Dubai: The sharp devaluation of Turkish lira following a series of unconventional macroeconomic policies and monetary policy decisions has seen the currency plunging more than 40 per cent year to date and sending the shock waves through global financial makers spreading a spectre of a contagion across emerging markets.

Economists and market analysts fear that the reverberations of the Turkish crisis felt across many emerging markets will have longer than expected consequences on their currencies, asset classes and investment flows.

“This turbulence, amid heightened tensions between the US and Turkey has clearly weighed on investor appetitive for emerging market assets, putting further pressure on a broad range of EM assets and currencies. Contagion and spillovers have also been evident in cross-border portfolio flows,” said Emre Tiftik, Deputy Director, Global Capital Markets at the Institute of International Finance (IIF).

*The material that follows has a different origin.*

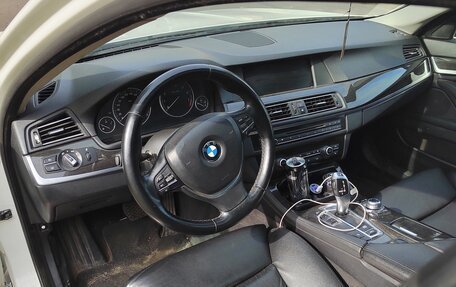 BMW 5 серия, 2010 год, 2 000 000 рублей, 3 фотография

According to IIF statistics, after a modest recovery in July, emerging markets portfolio flows have slumped in recent days. Countries that they track daily have registered portfolio outflows of some $1.4 billion (Dh5.14 billion) since August 9. Most of that has been out of emerging market stocks ($1.3 billion). Outflows from EM bonds were much smaller, at just $100 million.

By country, outflows were largely concentrated in South Africa and China, amounting to $0.6 billion and $0.5 billion, respectively. Flows to India also turned negative early this week amid a reversal in debt flows.

“While the downturn in sentiment has prompted outflows from Malaysia, Indonesia, Korea, Philippines, Korea and Vietnam, the pace of retrenchment has been moderate to date. Thailand, Qatar and Brazil have been the only countries in our sample recording portfolio inflows,” said Fiona Nguyen, Senior Research Analyst, Global Capital Markets, IIF.

Although causes may differ Turkey’s currency crisis has all the characteristics of a typical emerging market currency turbulence caused by large external deficits and a failure to recognise it on time and work on viable remedial measures. Analysts say the fear of contagion comes largely from Turkey’s unwillingness to recognise the serious nature of the current account deficits, the unconventional policy response and the underlying political crisis.

“Turkey’s currency crisis will continue to weigh on global markets as it is largely the result of unorthodox economic policies and a deterioration in political relations with the US, which are unlikely to improve in the very near-term. The fact that Turkey’s central bank has opted for unconventional intervention methods, rather than raise its key policy rate, suggests that the country may not return to more orthodox policies anytime soon,” Fitch Solutions said in a recent note.

Analysts say, if Turkey is not returning to tried and tested policy solutions it could drag itself into a deeper economic crisis with some global level consequences.

 An IMF-led bailout may require US/Turkey diplomatic conciliation and would typically involve conditionality of orthodox policy tightening that may be difficult for Turkey to agree to at this juncture.”

 - Sim Moh Siong | Currency Strategist at Bank of Singapore 

“A more concrete policy tightening, that signals acceptance of the need for economic slowdown to narrow Turkey’s large external deficit, is still lacking. The alternative policy choices, which carry high domestic political costs, would be to resort to either an International Monetary Fund (IMF) bailout or some form of capital controls. An IMF-led bailout may require US/Turkey diplomatic conciliation and would typically involve conditionality of orthodox policy tightening that may be difficult for Turkey to agree to at this juncture,” said Sim Moh Siong, Currency Strategist at Bank of Singapore.

While developed economies do not have much to fear from the troubles facing Turkey, as economic and financial linkages are relatively weak some emerging markets are sure to get caught up in the contagion. The basic way to avoid the risk of contagion is to run the economy well.

“Large current account deficits, high inflation, excessive external borrowing or over-valued exchange rates create a vulnerability that can be exposed when rising US interest rates create uncertainties over access to funding. This has been the story for many emerging markets crises in the past, where financial markets differentiated relatively efficiently. Most recently, stress was seen with the Taper Tantrum of 2013, when a small group of countries with wide external deficits came under pressure as markets worried about premature Fed tightening,” Bank of Singapore said in a note.

Analysts say among the Asian countries, India, Indonesia and Philippines to a lesser extent run current account deficits. However, the external funding needs, at less than 3 per cent of GDP, seem manageable relative to the size of these countries’ foreign reserves and capacity for policy response. “Given Asia’s limited financial and trade linkages with Turkey, Turkey should not pose systemic risks for Asia’s growth. We expect the spillover from Turkey’s turmoil on Asian currencies to diminish over time. China/US trade war risk matters more than Turkey to the outlook for Asian currencies,” said Siong.